“I will,” said Sir Christopher.
“My dear Findlater,” cried Clarence, when
Lord St. George was gone, “did you not tell
me, some time ago, that Collard was a great rascal,
and very intimate with Jefferies? and now you recommend
him to Lord St. George!”
“Hush, hush, hush!” said the baronet;
“he was a great rogue to be sure: but,
poor fellow, he came to me yesterday with tears in
his eyes, and said he should starve if I would not
give him a character; so what could I do?”
“At least, tell Lord St. George the truth,”
observed Clarence.
“But then Lord St. George would not take him!”
rejoined the good-hearted Sir Christopher, with forcible
naivete. “No, no, Linden, we must not
be so hard-hearted; we must forgive and forget;”
and so saying, the baronet threw out his chest, with
the conscious exultation of a man who has uttered
a noble sentiment. The moral of this little
history is that Lord St. George, having been pillaged
“through thick and thin,” as the proverb
has it, for two years, at last missed a gold watch,
and Monsieur Collard finished his career as his exemplary
tutor, Mr. John Jefferies, had done before him.
Ah! what a fine thing it is to have a good heart!

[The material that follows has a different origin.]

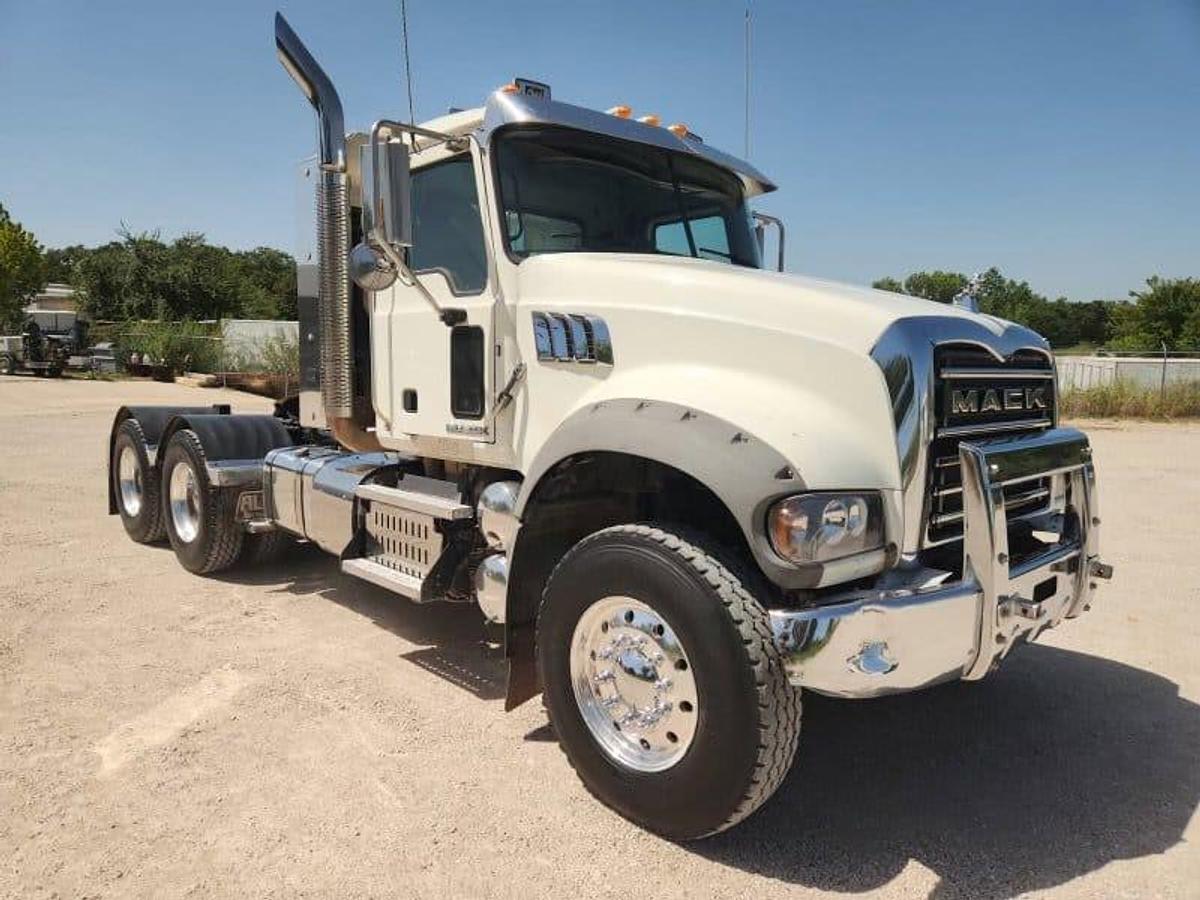 Used 2015 MACK GRANITE GU713 T/A DAYCAB HAUL TRUCK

But to return. Just as our wanderers had arrived
at the farther end of the park, Lady Westborough and
her daughter passed them. Clarence, excusing
himself to his friend, hastened towards them, and was
soon occupied in saying the prettiest things in the
world to the prettiest person, at least in his eyes;
while Sir Christopher, having done as much mischief
as a good heart well can do in a walk of an hour,
returned home to write a long letter to his mother,
against “learning and all such nonsense, which
only served to blunt the affections and harden the
heart.”
“Admirable young man!” cried the mother,
with tears in her eyes. “A good heart
is better than all the heads in the world.”
Amen!
“Make way, Sir Geoffrey Peveril, or you will
compel me to do that I may be sorry for!”
“You shall make no way here but at your peril,”
said Sir Geoffrey;” this is my ground.”—Peveril
of the Peak.
One night on returning home from a party at Lady Westborough’s
in Hanover Square, Clarence observed a man before
him walking with an uneven and agitated step.
His right hand was clenched, and he frequently raised
it as with a sudden impulse, and struck fiercely as
if at some imagined enemy.
The stranger slackened his pace. Clarence passed
him, and, turning round to satisfy the idle curiosity
which the man’s eccentric gestures had provoked,
his eye met a dark, lowering, iron countenance, which,
despite the lapse of four years, he recognized on the
moment: it was Wolfe, the republican.